O que une e separa “Alcarràs” de “Verão 1993”? Carla Simón tem novo filme nos cinemas

Carla Simón realiza um filme sobre relações familiares em tempos de mudança. “Alcarrás” é a pequena cidade catalã onde tudo acontece
Carla Simón realiza um filme sobre relações familiares em tempos de mudança. “Alcarrás” é a pequena cidade catalã onde tudo acontece
É o filme que promove o nosso reencontro com Carla Simón: a cineasta catalã que, em 2017, se deu a conhecer com uma primeira longa luminosa sobre a infância. Chamava-se “Verão 1993” e instalava-se na Barcelona dos nossos dias para abraçar o ponto de vista de uma rapariga de seis anos que, após perder a mãe, se via obrigada a ir viver com os tios para o campo. É também sobre uma experiência de perda que nos fala o novo filme de Simón, que, voltando embora a cultivar um registo naturalista, procede narrativamente através de um ‘aumento de escala’, procurando mostrar como uma ameaça de extinção iminente afeta toda uma família.
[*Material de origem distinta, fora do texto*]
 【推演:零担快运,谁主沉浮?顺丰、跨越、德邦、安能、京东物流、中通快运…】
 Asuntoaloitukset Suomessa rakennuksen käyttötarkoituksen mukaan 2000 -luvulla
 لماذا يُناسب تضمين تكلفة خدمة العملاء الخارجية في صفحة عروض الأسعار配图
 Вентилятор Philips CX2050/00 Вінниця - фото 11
As linhas de continuidade que Simón traça entre “Alcarràs” e “Verão 1993” saltam à vista logo na sequência de abertura, que regressa ao território da infância. Nela, a câmara infiltra-se no interior de um automóvel (abandonado num campo da vila catalã do título), para seguir as brincadeiras de um grupo de três crianças que — num plano que rimará com o último — são de súbito surpreendidas pelos ruídos ameaçadores que provêm do fora de campo. No caso: os de uma grua que se prepara para remover o carro do local, provocando com isso a fuga dos miúdos, que se apressam a avisar os adultos do sucedido.
Esta sequência pressagia o fim iminente de um mundo: o dos membros da vasta família daquelas crianças (magnificamente interpretados por uma trupe de não-atores), que, desde os tempos da Guerra Civil espanhola, se habituaram a viver da exploração agrícola do seu pomar de pessegueiros. Mas bastará esperar pela sequência seguinte para perceber que as terras que cultivam não são de facto suas: antes, de um velho vizinho da família que, tendo agora morrido, as deixou ao seu filho. Quem é ele? Um jovem empresário local que tenciona reapropriar-se das terras, para substituir os pessegueiros (pouco rentáveis) por painéis solares, cuja manutenção pretende confiar aos seus ‘inquilinos’.
É à volta desta situação que se desenvolve a ação do filme, que, ao longo de um verão, estudará as tensões que ela suscita naquele microcosmos (dividido entre o desejo de continuar a viver da terra e o de pactuar com o ‘senhor feudal’). Para fazê-lo, Simón desenha uma série de círculos concêntricos, correspondentes aos retratos dos principais elementos da família: desde o patriarca (aquele avô cuja placidez esconde uma tristeza infinita) até aos seus filhos e netos.
Neste quadro, o que é notável é o modo como o filme se revela capaz de articular o geral e o particular, multiplicando e sobrepondo as vozes, sem que isso o impeça de singularizar as personagens (que se vão destacando à vez no seio do coro). Ainda que laterais, as suas histórias mostram-se ricas em detalhes e parecem ser sempre ‘vividas por dentro’, permitindo assim que as encaremos como coisa autêntica: acredita-se piamente, por exemplo, na teimosia daquele pai que se recusa a abdicar da terra a que chama sua.
Essas micronarrativas concorrem, de forma desigual, para a composição de uma elegia sobre um mundo desfalecente, que, fazendo embora prova de um imenso pudor (a realização nunca vampiriza os sentimentos, apoiando-se para isso num tempo de corte abrupto), acaba por desiludir quanto à análise do motivo político que a atravessa. Isto é, o do colapso das pequenas explorações agrícolas, por força da chegada do dito ‘capitalismo verde’. Com efeito, nesse ponto (que é por várias vezes aflorado), o texto limita-se a fazer uma série de constatações de facto, evitando quase sempre enquadrar o drama familiar que o mobiliza como parte de uma questão política de fundo — daí que a sequência da manifestação pareça funcionar um pouco como a má consciência do filme. Um belo fato, que fica curto nas mangas.